Dergiler günümüzde bazı yönlerden sorunlu yapılar ve ortamlar olarak var olsalar bile şairler için iyi bir yetişme platformu olduğu gerçeğini değiştirmez bence. Editoryal özellikte olan tüm edebî platformlar genç şairler için iyi birer okuldur. Bu platformları geleceğe taşımak şiire ve edebiyata önem veren herkesin sorumluluğudur. Şiirin bittiği bir ülkeden kültür adına iyi şeyler beklemek abestir. Şiire ve şaire destek hem dergilere, hem de şiir kitaplarına gösterilen ilgi kadardır bizde. Özellikle sayıları her geçen zaman azalan dergilere ve şiir kitabı dosyalarını bastırmak için yayınevi bulmakta zorlanan şairlere bir de bu gözle bakılıp destek verilebilir. Elbette hakkını verenlere…

 

 

Şair olup da –sanırım- İstanbul’la ilgili şiir yazmayan yoktur, nedir sizce İstanbul’un cazibesi?

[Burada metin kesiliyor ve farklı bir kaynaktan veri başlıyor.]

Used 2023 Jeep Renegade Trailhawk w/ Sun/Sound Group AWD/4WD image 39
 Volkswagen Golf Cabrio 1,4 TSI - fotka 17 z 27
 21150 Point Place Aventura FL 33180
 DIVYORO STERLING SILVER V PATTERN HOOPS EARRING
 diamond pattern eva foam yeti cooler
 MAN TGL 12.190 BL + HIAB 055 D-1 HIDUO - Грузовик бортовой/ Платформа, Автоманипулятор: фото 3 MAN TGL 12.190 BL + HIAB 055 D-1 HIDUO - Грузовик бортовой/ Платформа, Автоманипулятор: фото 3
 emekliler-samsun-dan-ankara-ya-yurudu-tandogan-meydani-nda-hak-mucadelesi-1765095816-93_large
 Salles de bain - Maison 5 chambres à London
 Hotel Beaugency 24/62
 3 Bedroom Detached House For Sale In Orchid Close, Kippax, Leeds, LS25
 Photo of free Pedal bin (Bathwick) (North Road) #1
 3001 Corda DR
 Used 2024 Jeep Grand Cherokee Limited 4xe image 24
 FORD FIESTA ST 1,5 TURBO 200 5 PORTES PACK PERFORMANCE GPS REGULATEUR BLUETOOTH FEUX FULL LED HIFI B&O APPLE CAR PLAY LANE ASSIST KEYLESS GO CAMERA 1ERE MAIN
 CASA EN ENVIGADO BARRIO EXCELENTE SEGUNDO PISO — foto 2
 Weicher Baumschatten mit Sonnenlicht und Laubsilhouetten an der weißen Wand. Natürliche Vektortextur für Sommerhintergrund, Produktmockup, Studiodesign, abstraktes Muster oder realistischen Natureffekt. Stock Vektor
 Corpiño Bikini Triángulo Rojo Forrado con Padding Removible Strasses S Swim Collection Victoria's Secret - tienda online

Evet, İstanbul. Yüzyılların aşkının büyük sembolüdür İstanbul. Kıskanç âşıkların gözdesidir İstanbul. Anadolu’nun koynundan uğrunda ölecek nice kahramanlar çıkan şehir. Şaire ise bu şehre ya uzaktan âşık olmak ya da içinde boğulmak kalır. Asıl cazibesini birçok şeyden alır İstanbul. Bunların başında insanın öncesine (tarih) ve sonrasına (gelecek) ve de anına (şimdi) dair bir insanî yoğrulmuşluğunun temeli üzerinde Osmanlı’nın bu şehri İslam’ın referanslarıyla yeniden inşâ etmiş olması da bu cazibenin en önemli kaynağıdır bana göre. İstanbul’un siluetini de bu inşâ edilmişlik belirler nitekim. Daha ötesini düşünmeye dahi fırsat vermeyen mükemmel bir mimarî anlayışla inşâ edilmiş devasa bir şehir İstanbul.

Eski İstanbul ilham veriyordu. Acaba gökdelenli İstanbul da yine ilham veriyor mu şairlerimize?

Evet, maalesef şimdilerde İstanbul’da çok katlı büyük gökdelenleri çoğaltıp yeni bir imaj oluşturulmaya çalışılmakta. O gökdelenleri getirip selâtin camilerin yerine dikmedikleri sürece bu imaj elbette oluşmayacaktır. Ama her ne yapılırsa yapılsın bu çabaların nafile çabalar olarak kalmasını diliyorum. Şairi boğan tarafı bu olsa gerektir; modern olan her şey bu şehirde kolaylıkla zorbalaşabiliyor. Zaten şehir, başlı başına modernlikle iç içe geçmiş bir olgudur aynı zamanda. Bu anlamda bir tür “kaosa temayülü olan kompleks bir yapılanma”dır şehir. Şimdilerde ve gelecekte muhtemelen şehrin insanının bu boğulmalarının şiirini daha çok göreceğiz şairlerin şiirlerinde. Bu bir umutsuzluk yaklaşımı değil elbette; belki, umut etmenin şiirini arzu etmektir.

Genç şairlere özel tavsiyeleriniz nelerdir?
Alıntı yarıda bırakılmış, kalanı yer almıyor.